As far as heavy-handed analogies for the rise of Nazism go, Max Frisch's The Firebugs (a 1953 German radio play later adapted for stage and television) ranks somewhere on the subtle scale between major dental surgery and a sledgehammer to the face. In a town beset by rampant arson, a wealthy couple takes in a charming homeless man. When the man and his sinister friend begin assembling a device in their attic—barrels of gasoline, blasting caps, and very long fuses are involved—the couple are too polite and too scared to say anything, and they eventually become accomplices in the destruction of their own home and village.
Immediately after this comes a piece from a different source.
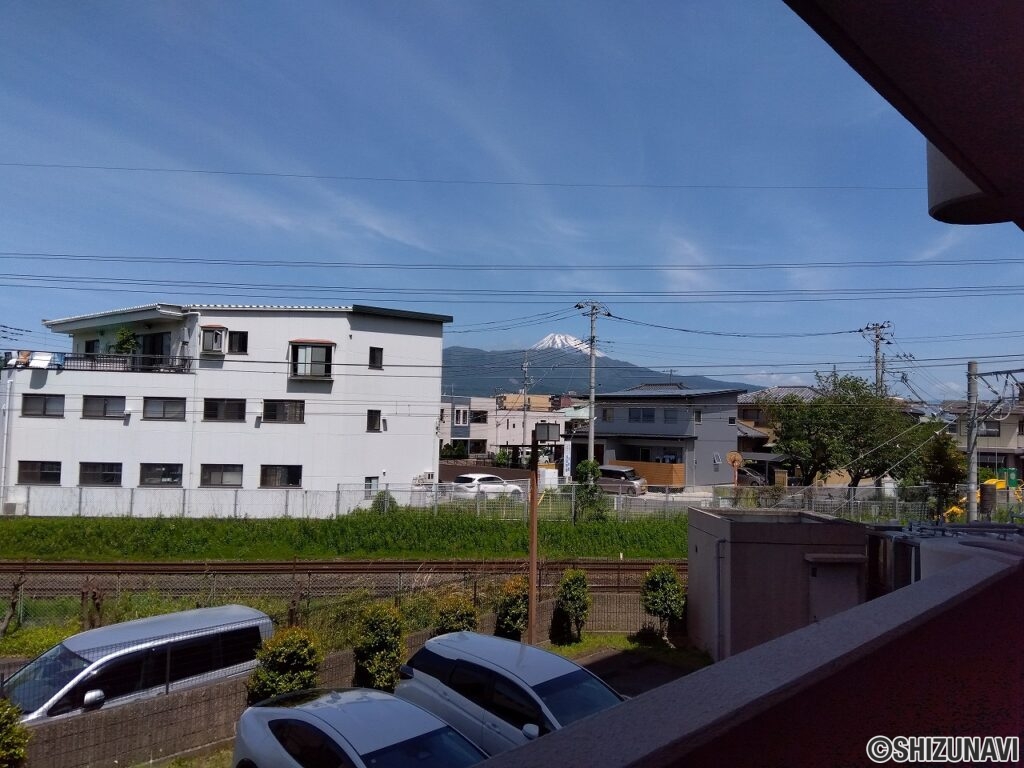 廊下側からは富士山を眺めることができます。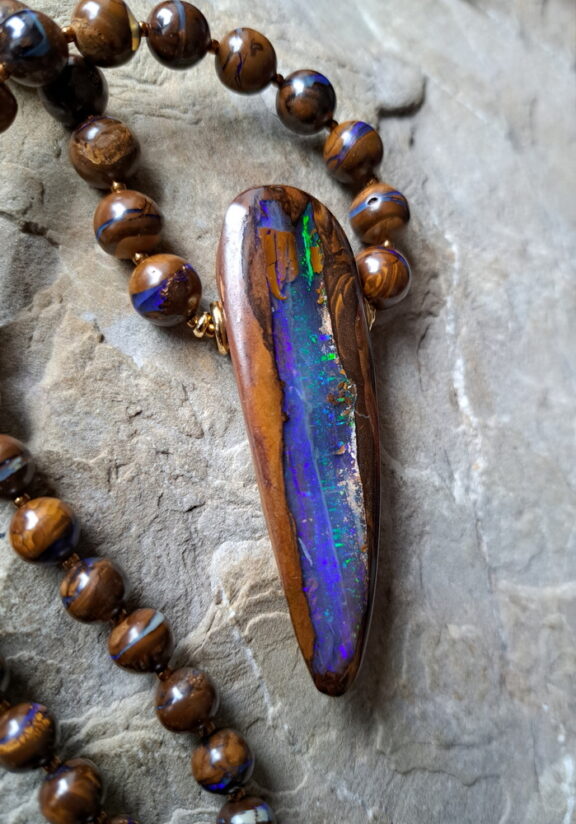 Boulderopal Amulett Anhänger Edelsteinkette Heilsteinschmuck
While "subtle" simply can't be a primary production value, STAGEright's Firebugs is surprisingly nuanced and funny. Zandi Carlson's aforementioned sinister hobo occasionally lets out with a heavy, menacing chuckle as he explains to the wealthy homeowner (Robert Hinds's Biedermann is an overwhelmed straight man, a comic lead character in a farce that accidentally turns serious) exactly how he is going to blow up his house. But Carlson plays him as a dignified goon, a morally wounded anarchist who believes that only fire can level distinctions of class. Biedermann first dismisses the talk as a joke—while he explains that "there will always be a rich and poor, thank God," he believes he is doing the upright thing by trying to understand the puzzling humor of the lower classes—and then he thinks that by playing along he can discourage their plan. Ultimately, he's just another slump-shouldered victim.
Brendan Mack's set design makes the most of Odd Duck's tiny space—the stage is divided in two, with a tiered attic stage raised above—but some clumsy lighting from director John Huddlestun and Colin Madison occasionally fails to demarcate the crazy-eyed upstairs/downstairs differences. As the play builds toward an inevitable explosion and the Greek chorus of firefighters becomes more and more exasperated at the inaction of the protagonists, everything comes together in a satisfying way. Happily, on the evening that I attended the play, no one in the audience was clubbed to death by metaphor.